Mais d’abord, voici un résumé des faits :

Après avoir fait un discours copié sur celui du Premier ministre irakien présentant une liste de réformes, Saad Hariri a brusquement démissionné le 29 octobre 2019. Dans un premier temps, Saad Hariri a voulu, en novembre, prendre la tête d’un gouvernement de technocrates sans liens avec la moindre formation politique. Cela lui a évidemment été refusé car l’accord de Taëf a confié le pouvoir exécutif au Conseil des ministres et à son président. Si le Conseil des ministres est formé de ministres issus de différentes formations politiques, le Premier ministre doit prendre leur avis en compte. Mais si le Conseil des ministres est formé de ministres sans assise populaire comme des technocrates, alors un président du Conseil qui serait à la tête d’un grand bloc parlementaire comme celui du Courant du Futur (dirigé par Saad Hariri) concentrerait entre ses mains le pouvoir exécutif.

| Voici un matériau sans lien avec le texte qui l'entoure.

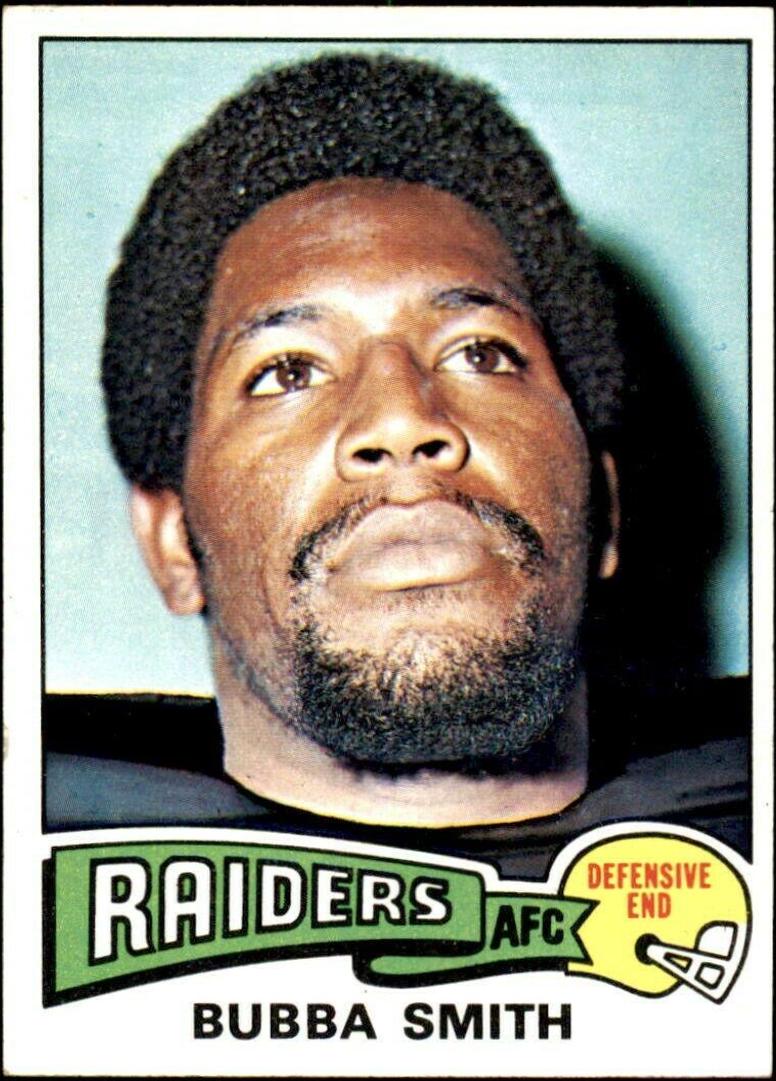 Bubba Smith #33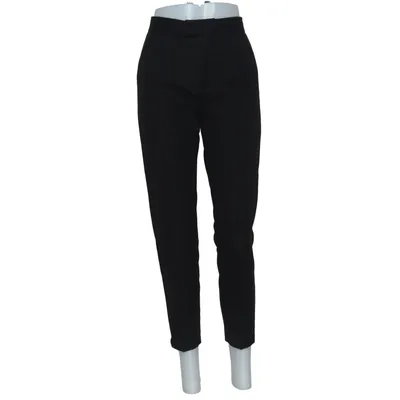 Suit pants (Black) from Totême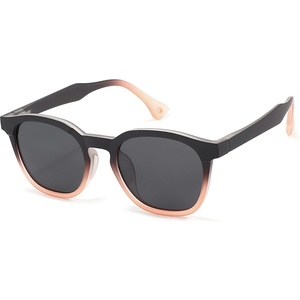 Techsuit Детски слънчеви очила Techsuit Kids Polarized Sunglasses (691) - поляризирани, TR рамка - Черни пламъци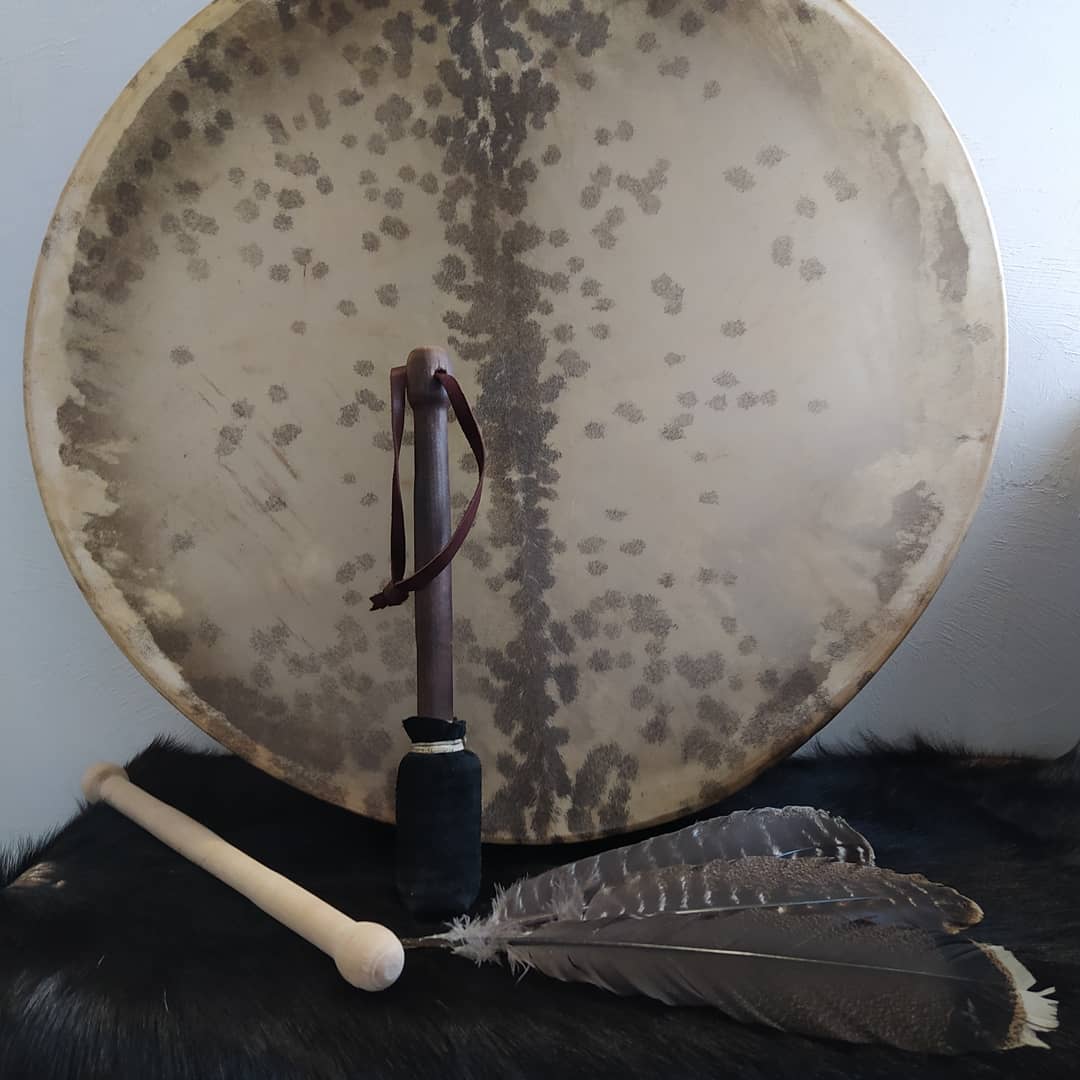 Шаманский бубен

Les formations politiques qu’Hariri cherchait à exclure ne pouvaient pas s’exclure elles-mêmes en acceptant ses conditions — et elles ne l’ont pas fait. Hariri a donc feint d’accepter la désignation comme Premier ministre de Mohammad Safadi, puis de Samer Khatib, qu’il avait lui-même proposé. Le mufti Abdellatif Deriane prétendit alors qu’on touchait aux droits de la communauté sunnite si Saad Hariri n’était pas Premier ministre. Cette insulte faite aux nombreux sunnites de valeur que compte le pays, n’a pas permis à Saad Hariri d’obtenir ce qu’il voulait, et il a décidé le 18 décembre 2019 de jeter définitivement l’éponge.

Le président Michel Aoun a alors chargé Hassan Diab de former un nouveau gouvernement, Diab ayant été désigné par la majorité parlementaire, constituée notamment des trois grandes formations politiques du Courant patriotique libre (CPL), du mouvement Amal (de Nabih Berri, le président du Parlement) et du Hezbollah. Cela a conduit à la mobilisation des partisans du Courant du Futur, de ses députés et des députés qui lui étaient apparentés (comme l’ancien Premier ministre Tammam Salam). Ils furent rejoints par l’ancien Premier ministre Najib Mikati (chef du mouvement Azem). Ils jouèrent sur la fibre confessionnelle en présentant Hassan Diab comme un « pion sunnite » du Hezbollah chiite, en insistant sur le fait qu’il n’a été désigné que par une minorité de « députés sunnites » et qu’il ne représenterait donc que le CPL et le duo chiite (le mouvement Amal et le Hezbollah).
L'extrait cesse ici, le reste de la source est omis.